TASK MATERIAL -
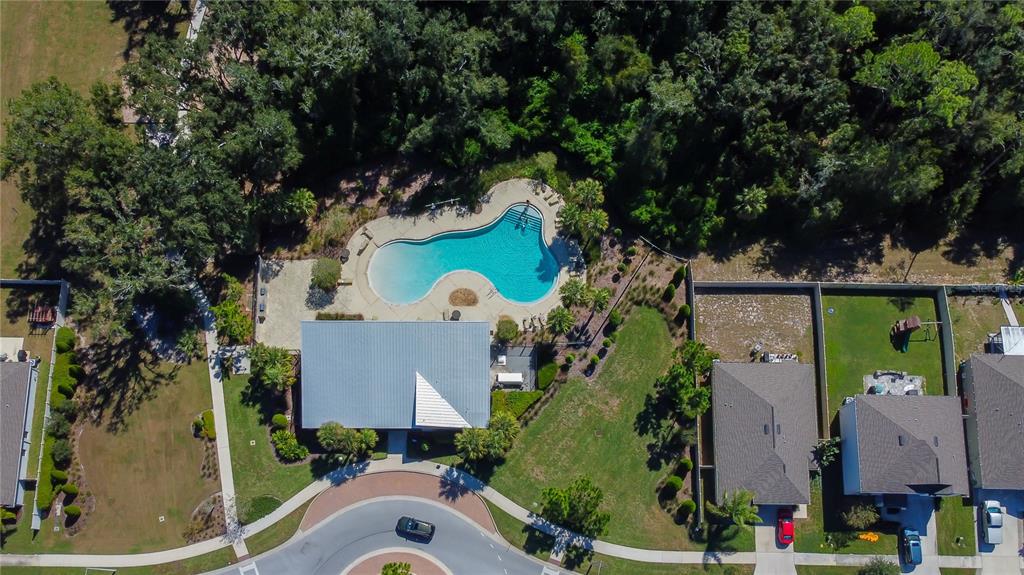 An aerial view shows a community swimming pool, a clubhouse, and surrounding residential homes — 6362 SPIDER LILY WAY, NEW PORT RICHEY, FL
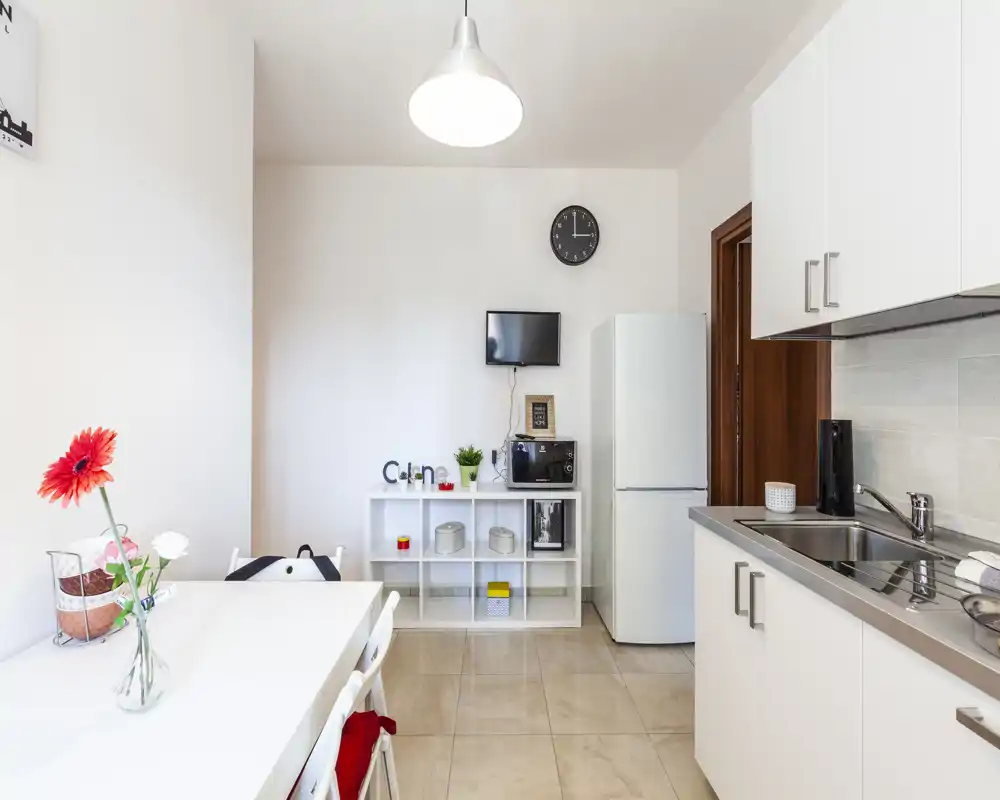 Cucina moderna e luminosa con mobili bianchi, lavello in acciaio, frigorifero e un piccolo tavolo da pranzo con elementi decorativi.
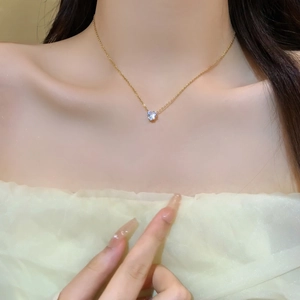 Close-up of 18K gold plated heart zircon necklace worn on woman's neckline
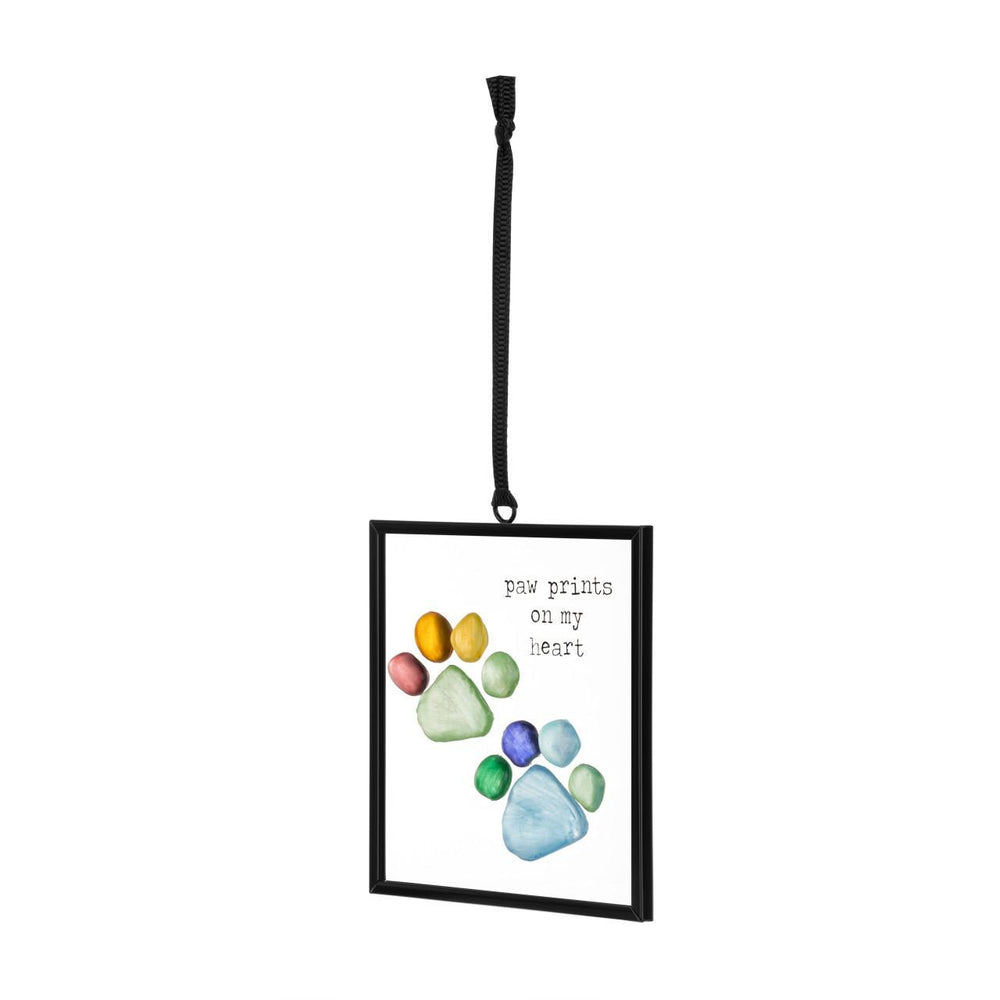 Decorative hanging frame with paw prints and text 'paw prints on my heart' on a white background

* * *

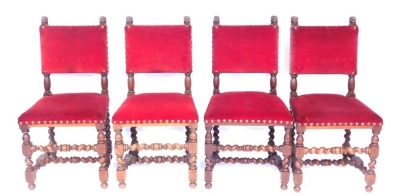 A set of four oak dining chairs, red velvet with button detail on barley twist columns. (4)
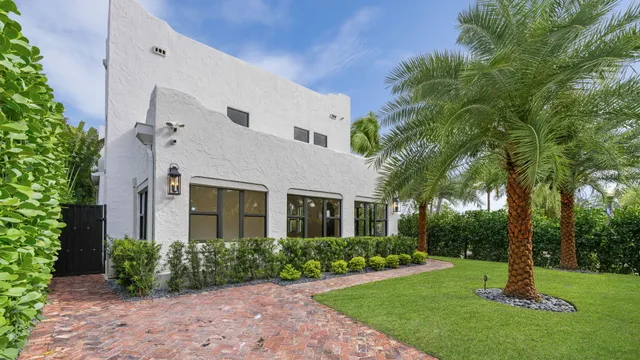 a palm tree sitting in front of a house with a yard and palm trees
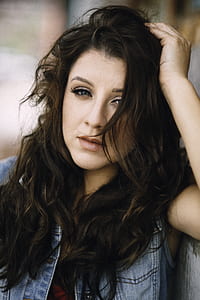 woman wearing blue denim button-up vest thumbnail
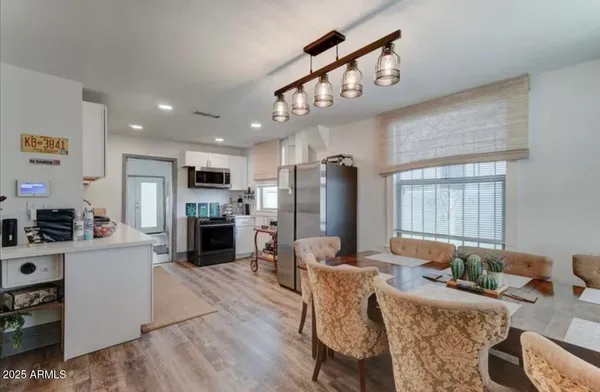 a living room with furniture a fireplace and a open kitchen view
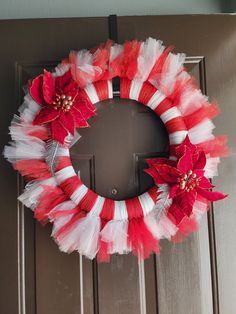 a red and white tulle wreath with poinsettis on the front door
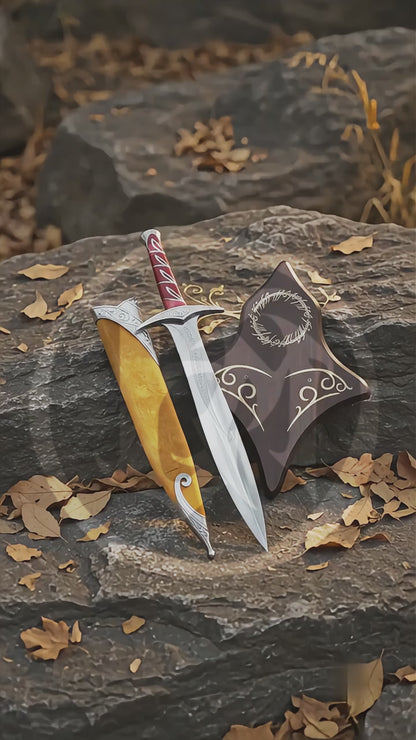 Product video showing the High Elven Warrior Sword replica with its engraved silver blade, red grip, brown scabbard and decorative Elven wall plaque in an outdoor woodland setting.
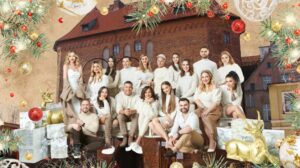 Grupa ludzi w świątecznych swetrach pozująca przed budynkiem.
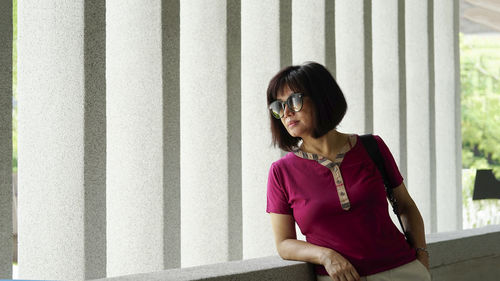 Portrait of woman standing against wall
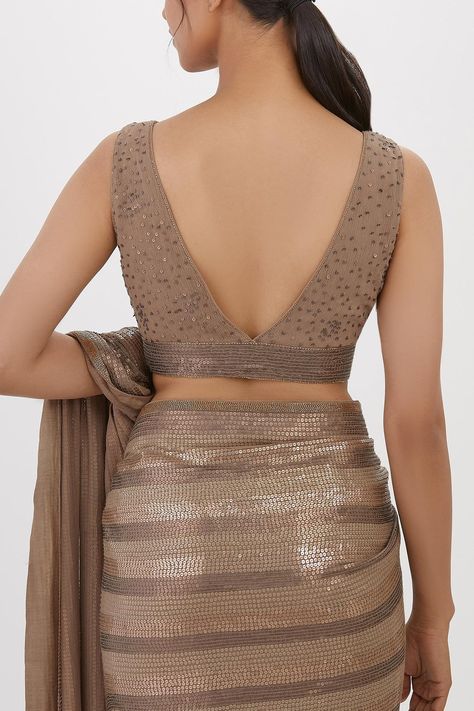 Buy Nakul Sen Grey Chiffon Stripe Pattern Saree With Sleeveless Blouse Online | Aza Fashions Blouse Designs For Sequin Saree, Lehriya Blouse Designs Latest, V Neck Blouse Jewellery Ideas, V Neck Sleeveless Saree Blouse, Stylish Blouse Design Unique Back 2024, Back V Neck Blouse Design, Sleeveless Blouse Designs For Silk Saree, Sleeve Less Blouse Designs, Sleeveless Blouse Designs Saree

* * *

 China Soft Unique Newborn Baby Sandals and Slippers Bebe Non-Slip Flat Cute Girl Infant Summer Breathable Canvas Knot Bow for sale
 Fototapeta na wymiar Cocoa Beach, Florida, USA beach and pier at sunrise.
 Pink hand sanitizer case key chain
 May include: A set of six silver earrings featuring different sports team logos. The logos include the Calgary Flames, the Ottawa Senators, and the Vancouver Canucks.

YOUR INSTRUCTIONS - Return the lines above from the one with "Cucina moderna e" through the one with "Decorative hanging frame", verbatim and nothing else. Omit every picture.

RESPONSE AREA -
 Cucina moderna e luminosa con mobili bianchi, lavello in acciaio, frigorifero e un piccolo tavolo da pranzo con elementi decorativi.
 Close-up of 18K gold plated heart zircon necklace worn on woman's neckline
 Decorative hanging frame with paw prints and text 'paw prints on my heart' on a white background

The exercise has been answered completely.